The European Court of Human Rights has ruled that displaying crucifixes in Italian public schools violates religious and educational freedoms. It has ordered the Italian government to pay a $7390 fine to an Italian mother, Soile Lautsi, who has struggled for eight years to compel her children’s schools
in northern Italy to remove crucifixes from the classrooms.
The Court rejected the government’s disingenuous argument that the crucifix is not a religious totem at all, but instead “a national symbol of culture, history, identity, tolerance, and”—get this—”secularism.”
Sanely, the Court concluded that secular, state-run schools, where attendance is compulsory, must “observe confessional neutrality in the context of public education,” and that crucifix-clogged classrooms “could easily be interpreted by pupils of all ages as a religious sign and they would feel that they were being educated in a school environment bearing the stamp of a given religion.”

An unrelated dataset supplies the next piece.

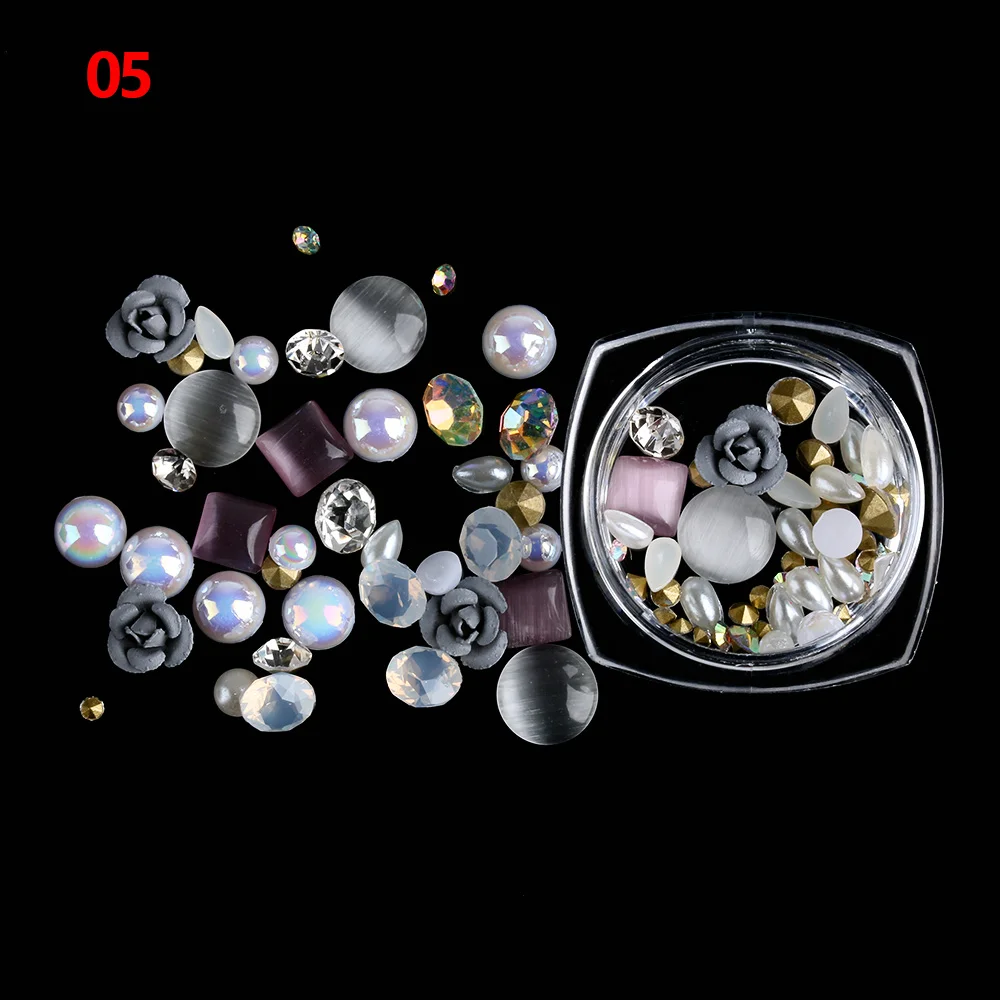 1 коробка 3D хрустальные цветы сплав розовые блестки для ногтей Стразы Блеск микс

Crucifixes have been compulsory in Italian classrooms since the enactment in the 1920s of two laws under the fascist dictator Benito Mussolini, a personage aided and enabled by the Catholic Church, which for millennia has been the premier peddler of crucifixes.
Lautsi’s husband, Massimo Albertin, said the family was satisfied with the court’s ruling. “We believe the ruling is a positive signal from Europe to Italy, which seems to increasingly lose its secularism,” he said from their home in Albano Terme. “The crucifix creates discrimination.”